Kulağımın dibinde çığıran kişiyle hızla gözlerimi açtım.
"Şükür! Kalk kız, Güzellikle uyanmıyorsun sen." diyen anneme son bir bakış atıp gözlerimi kapattım.
"Anne ya, beş dakika daha"
"Lan saat bir, bir ne demek beş dakika daha! Kalk kahvaltını yap!" dedi ve odaya dolan ışıkla perdeleri açtığını anladım.
"Of ya! Bırakta bir gün kendi kendime uyanayım."
"Kız ben seni uyandırmasam sen bir hafta uyursun. Hadi kalk!"
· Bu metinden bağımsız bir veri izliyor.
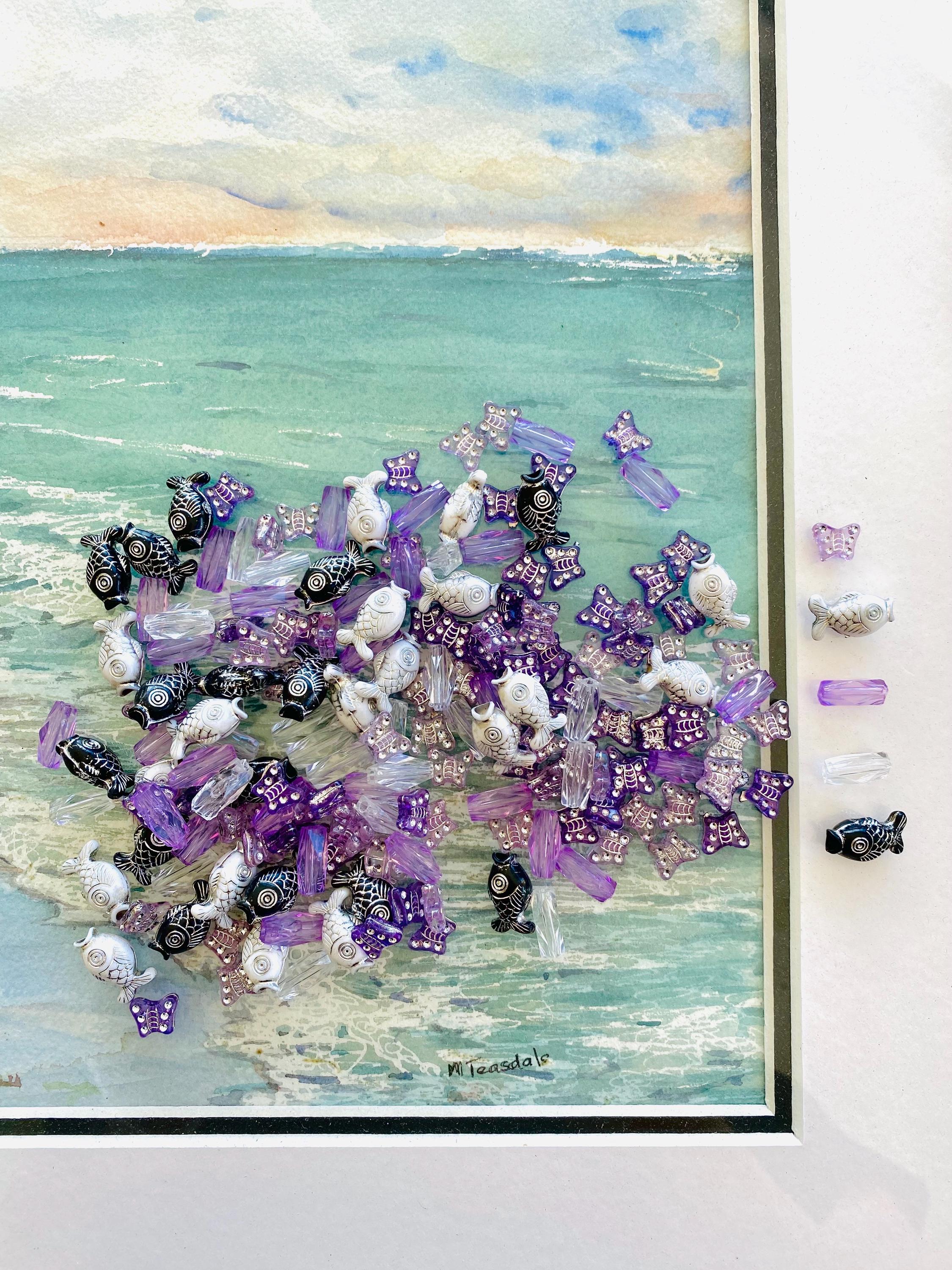 Purple flowers and round beads floral craft bead set, perfect for creative projects.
"Vicdansız anne belki bir hafta uyumak istiyorum. Neden bu evde benim kararlarım ikinci plana atılıyor!" Yorganı tekmeleyerek üzerimden attım.
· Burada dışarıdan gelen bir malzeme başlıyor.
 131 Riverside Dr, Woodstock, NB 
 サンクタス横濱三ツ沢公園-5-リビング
"Kız yolarım şimdi senin saçını başını kalk hadi!" Ofladım ve doğruldum. "Bıktım artık bu hayattan. Evlenecem ben!"
"Seni alan koca iki güne kalmaz geri getirir kız! Dul diye dolanırsın ortalarda" derken odayı terk etti annem arkasından şeytanımsı kötü bakışlarımı atıp banyoya girdim. Çişimi yaptıktan sonra elimi yüzümü yıkayıp dişimi fırçaladım. Saçlarımıda üstün körü topladıktan sonra banyodan çıkıp yatağıma oturdum. Komedinin üzerindeki telefonu aldıktan sonra gelen ilk bildirimi sevgili sevdicek sapığımdan olduğunu görünce gülümsedim.
Günaydın, gün ışığım, hayatım, birtanem...
Günaydın, sapıkçığım😊
Telefonu pijamamın çepine atıp odadan çıktım. Burnuma gelen kokuyla
"Annneeeeee!" diye çığırdım ve mutfağa koştum "Krep mi o!"
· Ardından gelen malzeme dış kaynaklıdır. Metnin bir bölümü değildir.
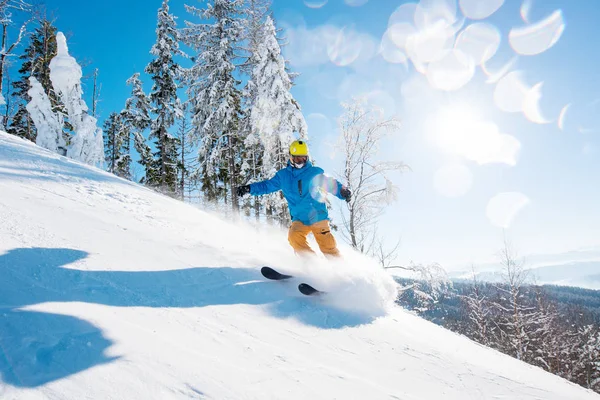 Männliche Freerider beim Skifahren in den Bergen — Stockfoto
"Bin yıldır açmışsın gibi davranma kız. Otur hadi!"
"Sen nasıl mütüşük bir annesin ya diyerek nutellayı önüme çekip krebin üzerine boca ettim.
"Okul yokmuymuş bu hafta!"
"Üç gün yokmuş anacuğum, iki gün sonra okula gidecem yani!" dedim ve göz devirdim.
"İyi iyi çok değilmiş."
Krebimden koca bir ısırık alıp anneme kötü kötü baktım. Neydi bu ebeveynlerin okul aşkı anlamıyordum ki!
"Hadi hadi çabuk ye bekleyemem seni, sonra hemen dersine otur. Azıcık test çöz seneye vireceğin bir sınavın var." dedi başımı sallayarak onayladım ve son lokmamıda ağzıma atıp portakal suyumu fondipledim.
"Ellerine sağlık annem."
"Afiyet olsun kuzum. Hadi çık odana ben hallederim buraları." Gülümsedim ve abur cubur çekmecesinden cips, çikolata ve iki gofret aldıktan sonra odama ilerledim. Bildirim sesinin gelmesiyle adımlarımı hızlandırdım ve odaya girip kapıyı kapattım. Elimdekileri çalışma masasının üzerine atıp cebimdeki telefonu çıkardım.
Nasılsın, can tanesi.
Bu çocuk nasıl güzel kelimeler kullanıyordu ya yirim yirim.
İyiyim, sen nasılsın?
Mesajı yollamadan önce son bir kez göz attım. Onun mesajının üzerine çok yavan, sade bir cevap oluyordu. Soru işaretini silip
-canım.
Yazdım ve tekrar okudum.
İyiyim, sen nasılsın canım.
"Hayır Doğa, o ne sevmediğin biriyle konuşmak zorunda kalmışsın gibi!"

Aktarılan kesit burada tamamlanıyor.